Text only, exactly as given: reproduce the entries below without their pictures.

───── Source records ─────

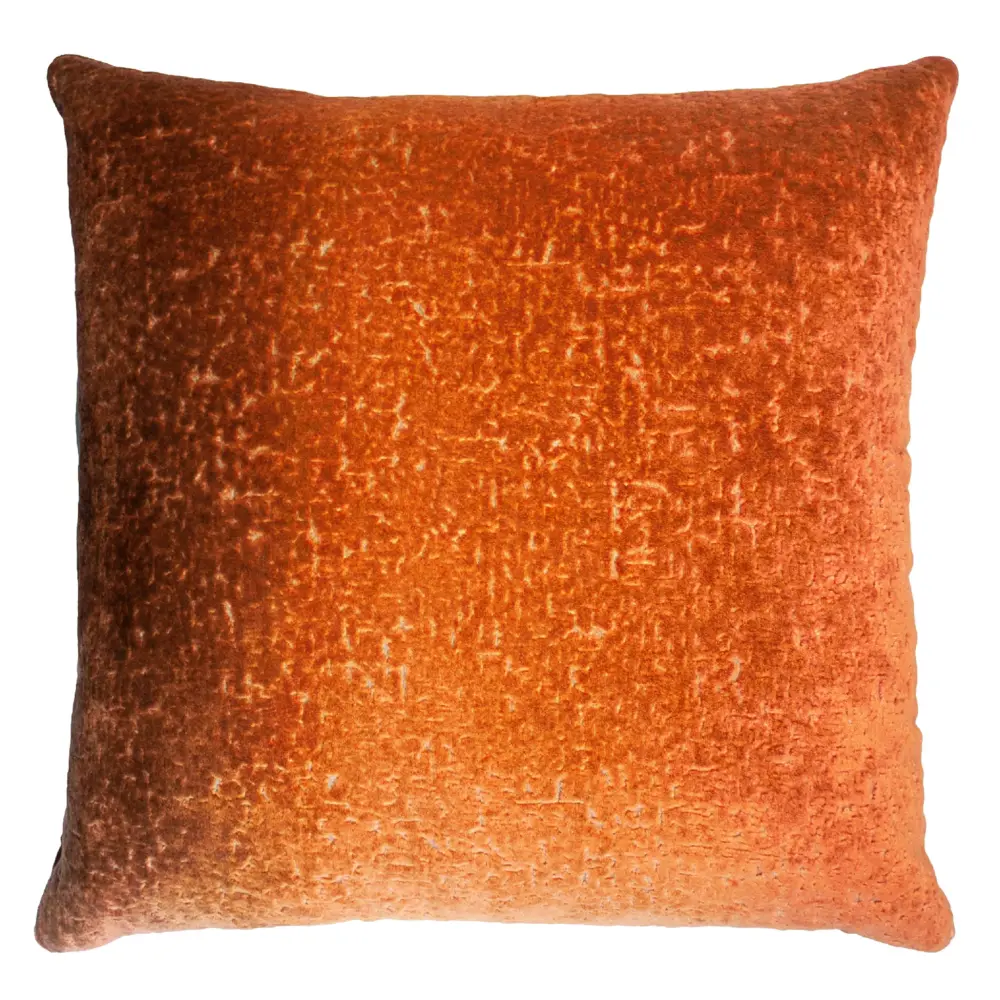 Tassel Coral Reef Velour Pillow, Rust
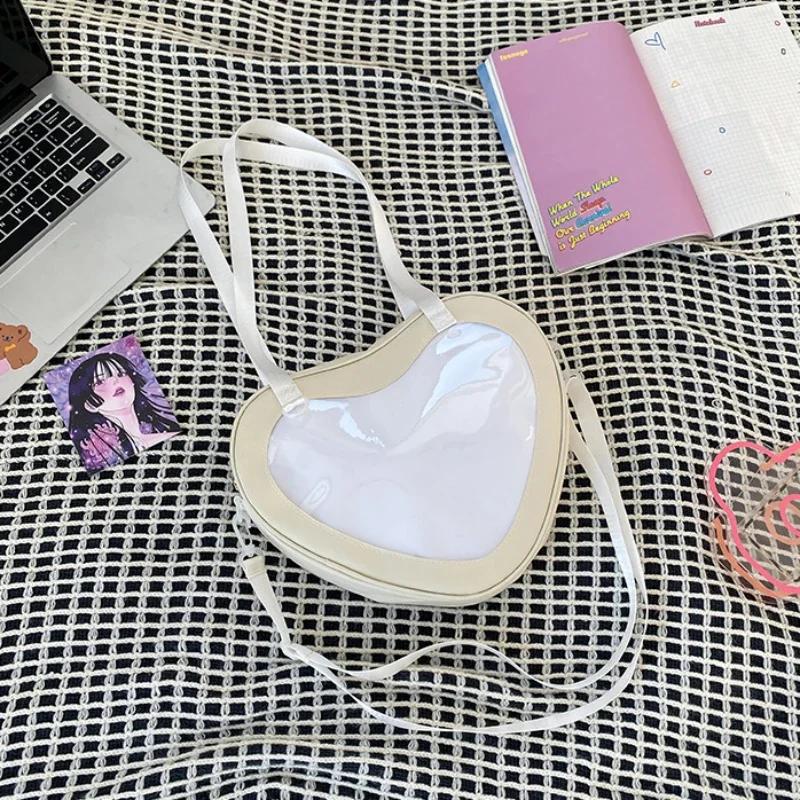 Love Heart Transparent Itabag Women JK Uniform Crossbody Bag Girls Purse And Handbag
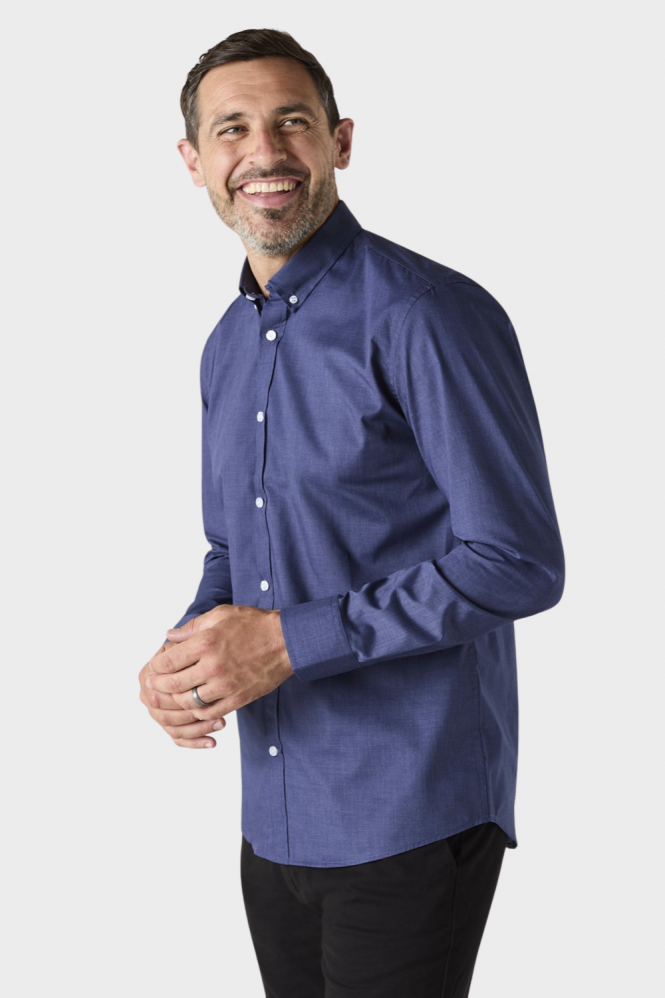 Simon Jersey Men's Denim-Look Shirt, Dark Blue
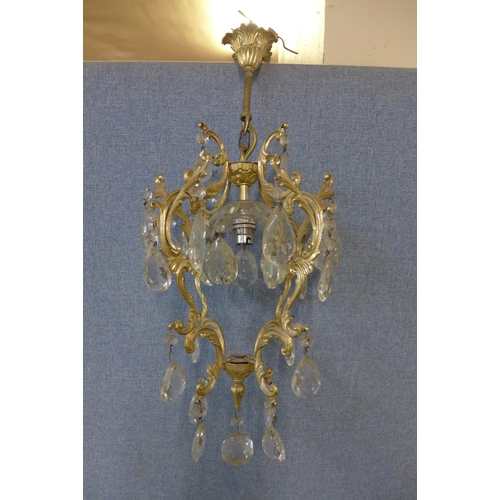 362 - A gilt metal and glass chandelier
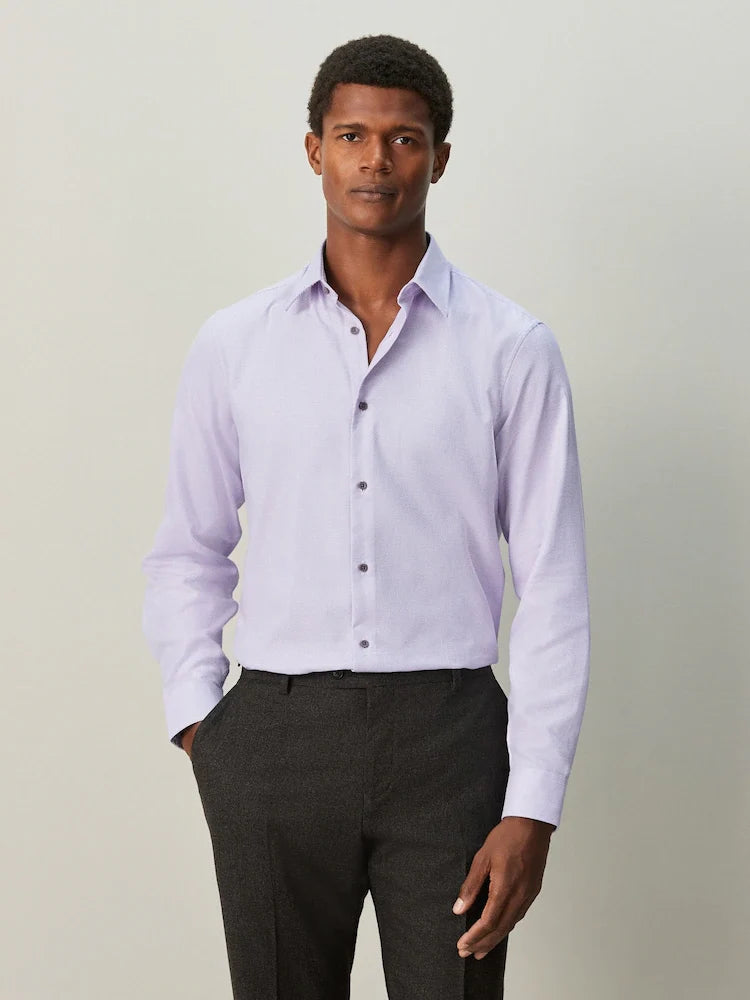 Lilac Regular Fit Cotton Textured Slim Fit Long Sleeve Formal Shirt With Trim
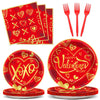 96 Pcs Valentine'S Day Plates Napkins Valentines Day Party Decorations Paper Plate Supplies Red And Gold Dinner Dessert Tablewar
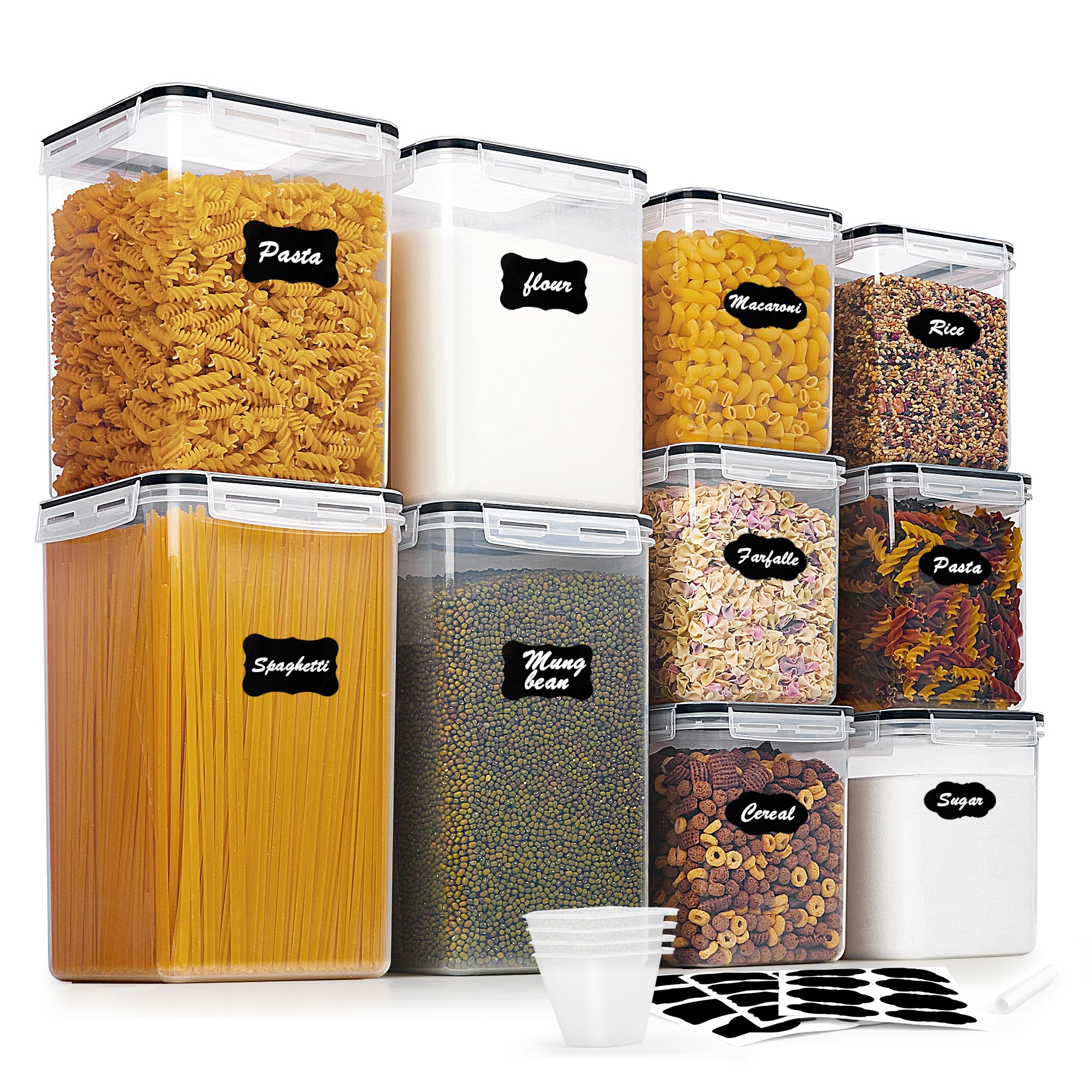Vtopmart flour and sugar containers in 6.5L size on a pantry shelf for quick access.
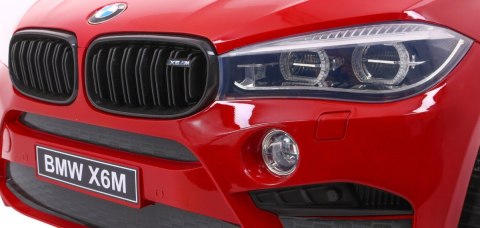 BMW X6M XXL dla 2 dzieci Lakier Czerwony + Pilot + Ekoskóra + Pasy + Wolny Start + MP3 + LED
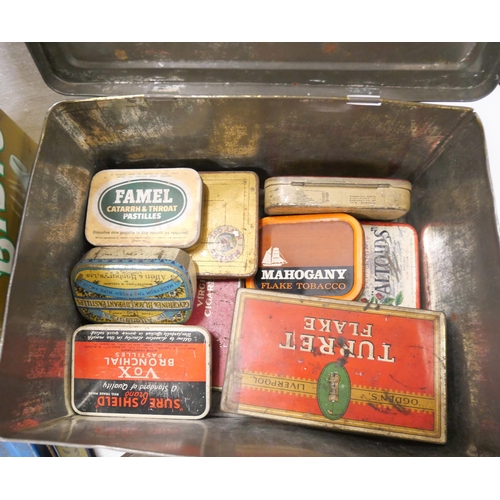 2287 - Two boxes of vintage tins **PLEASE NOTE THIS LOT IS NOT ELIGIBLE FOR IN-HOUSE POSTING AND PACKING**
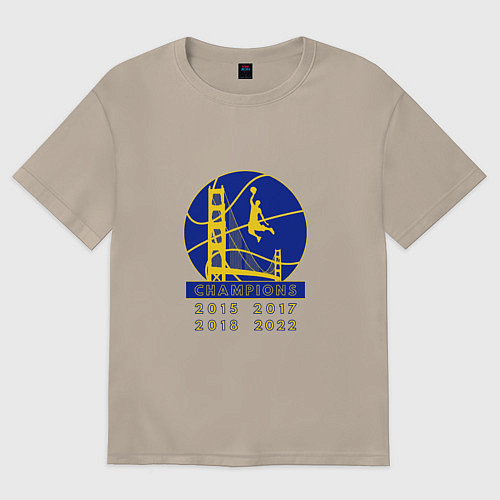 Женская футболка оверсайз Champions - Warriors / Миндальный – фото 1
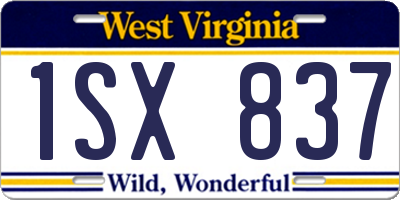 WV license plate 1SX837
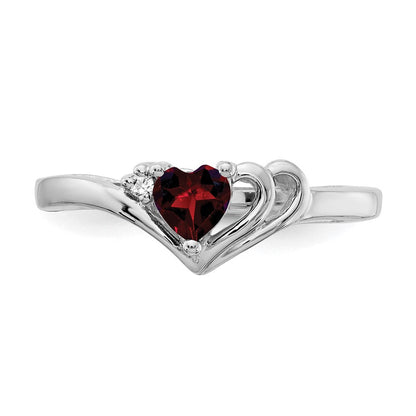 14K Weißgold 4mm Herz Granat Aa Diamant Ring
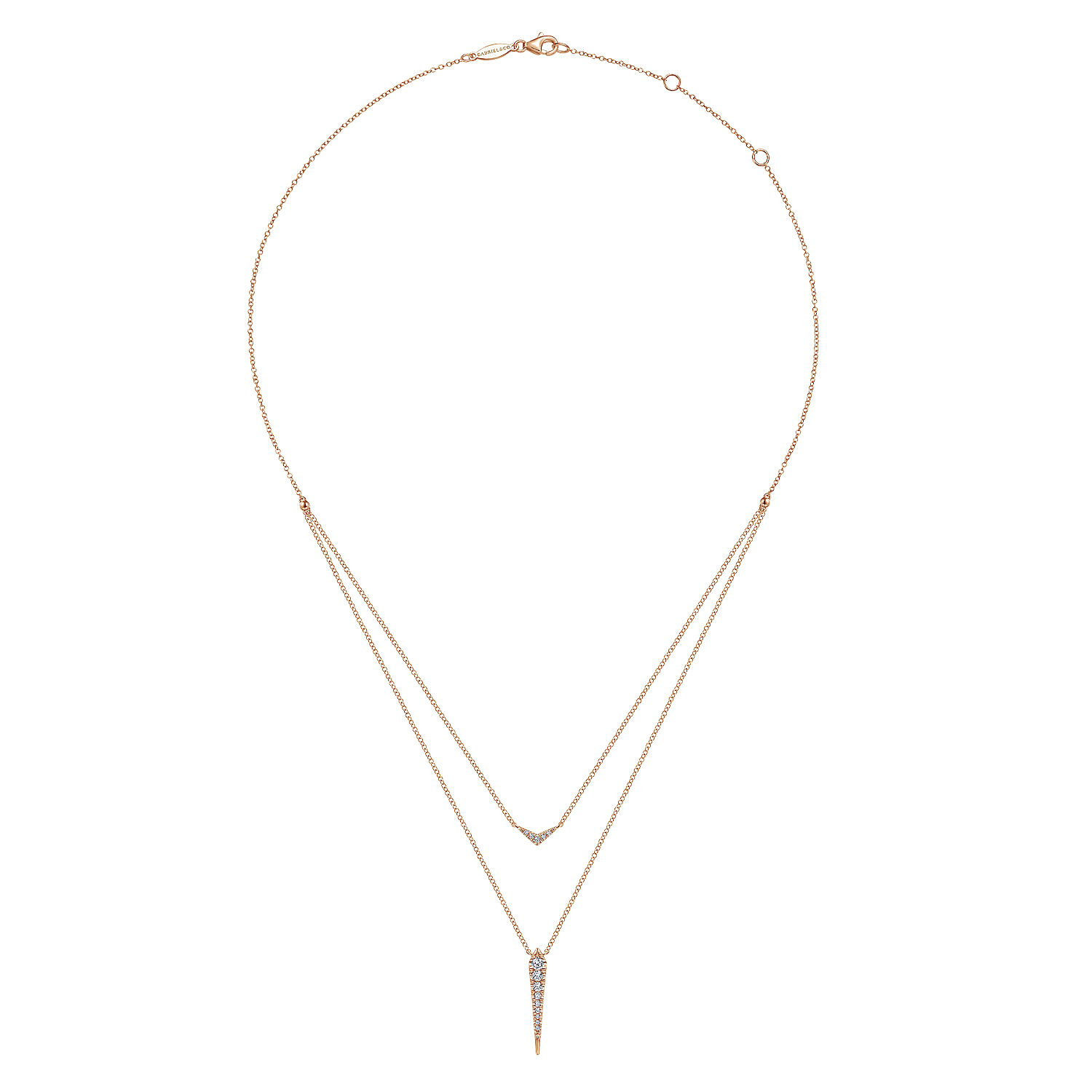 14K Rose Gold Layered Pavé Diamond Bar and Spike Pendant Necklace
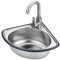 Waschbecken Wandmontage, Eckwaschbecken,bathroom Sink, Mit Abtropfeinheit Und Wasserhahn, Spülkantenschutz, Für Zimmer, Garage, Keller, Außen- Und Innenbereich ( Color : Package three , Size : 34*34*1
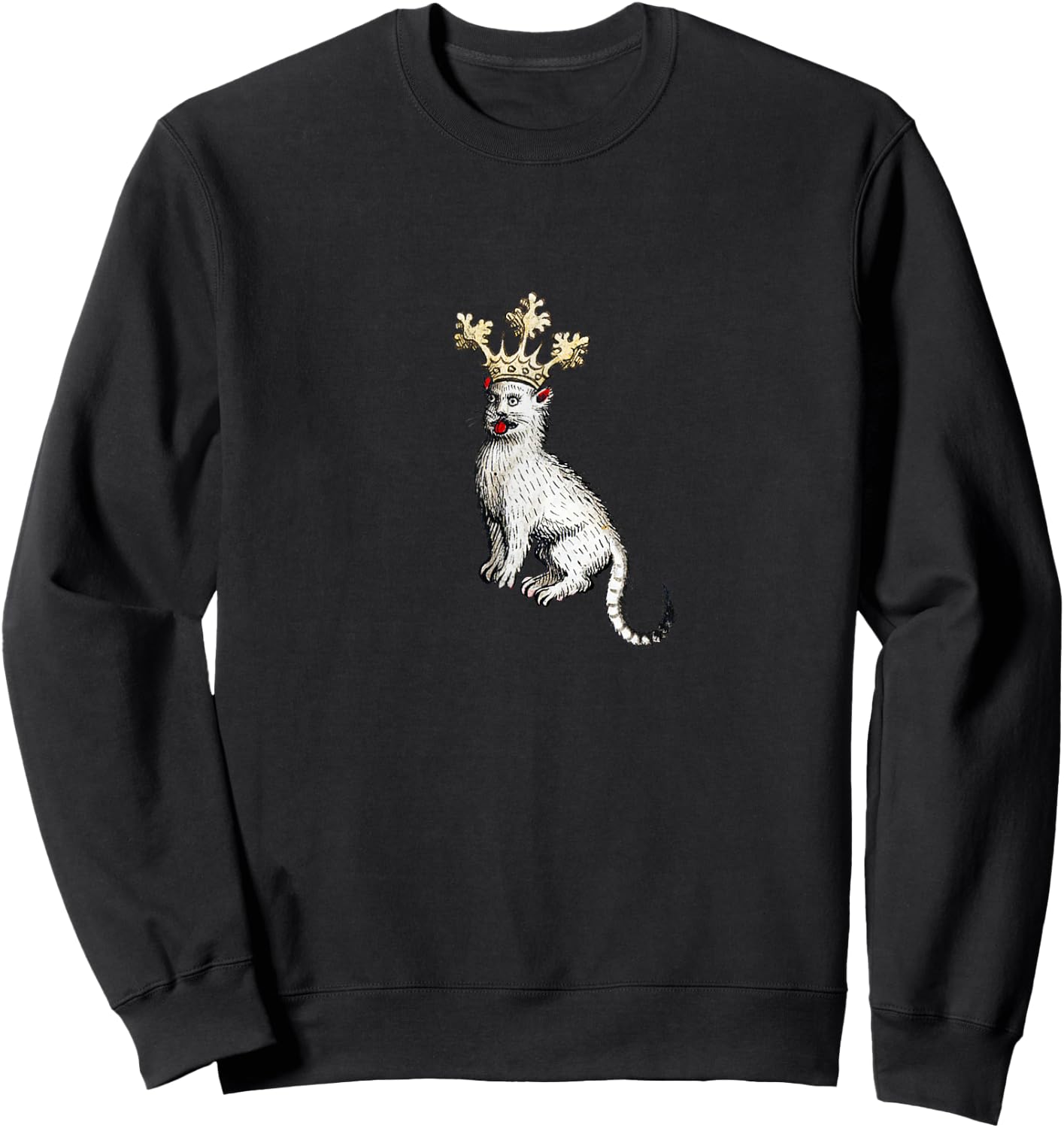 Weird Medieval Cat King Sweatshirt - Sweatshirt | Black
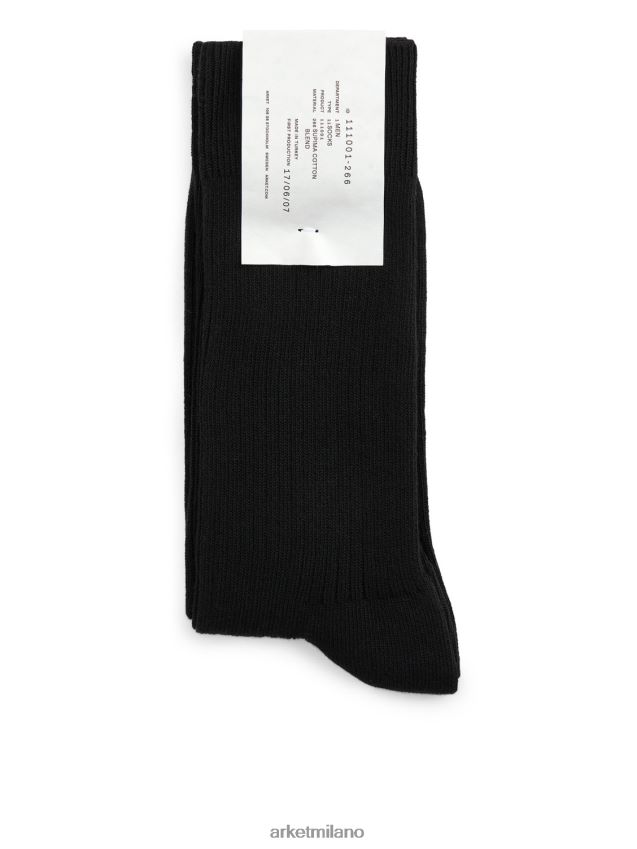 vestiario esso ARKET uomini Calzini in costina di cotone supima nero 6F0F6L1241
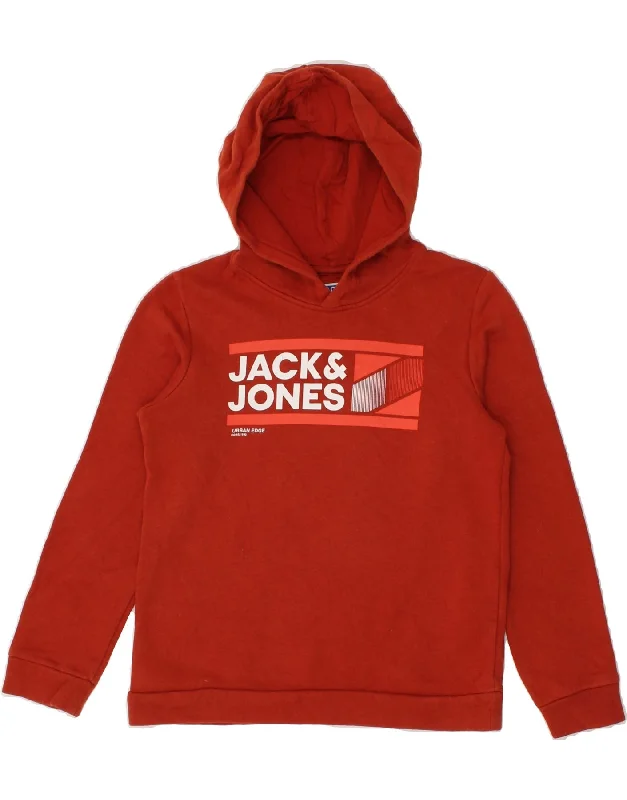 JACK & JONES Boys Graphic Hoodie Jumper 9-10 Years Orange Cotton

─────

Response area
 Tassel Coral Reef Velour Pillow, Rust
 Love Heart Transparent Itabag Women JK Uniform Crossbody Bag Girls Purse And Handbag
 Simon Jersey Men's Denim-Look Shirt, Dark Blue
 362 - A gilt metal and glass chandelier
 Lilac Regular Fit Cotton Textured Slim Fit Long Sleeve Formal Shirt With Trim
 96 Pcs Valentine'S Day Plates Napkins Valentines Day Party Decorations Paper Plate Supplies Red And Gold Dinner Dessert Tablewar
Vtopmart flour and sugar containers in 6.5L size on a pantry shelf for quick access.
 BMW X6M XXL dla 2 dzieci Lakier Czerwony + Pilot + Ekoskóra + Pasy + Wolny Start + MP3 + LED
 2287 - Two boxes of vintage tins **PLEASE NOTE THIS LOT IS NOT ELIGIBLE FOR IN-HOUSE POSTING AND PACKING**
 Женская футболка оверсайз Champions - Warriors / Миндальный – фото 1
 WV license plate 1SX837
 14K Weißgold 4mm Herz Granat Aa Diamant Ring
 14K Rose Gold Layered Pavé Diamond Bar and Spike Pendant Necklace
 Waschbecken Wandmontage, Eckwaschbecken,bathroom Sink, Mit Abtropfeinheit Und Wasserhahn, Spülkantenschutz, Für Zimmer, Garage, Keller, Außen- Und Innenbereich ( Color : Package three , Size : 34*34*1
 Weird Medieval Cat King Sweatshirt - Sweatshirt | Black
 vestiario esso ARKET uomini Calzini in costina di cotone supima nero 6F0F6L1241
 JACK & JONES Boys Graphic Hoodie Jumper 9-10 Years Orange Cotton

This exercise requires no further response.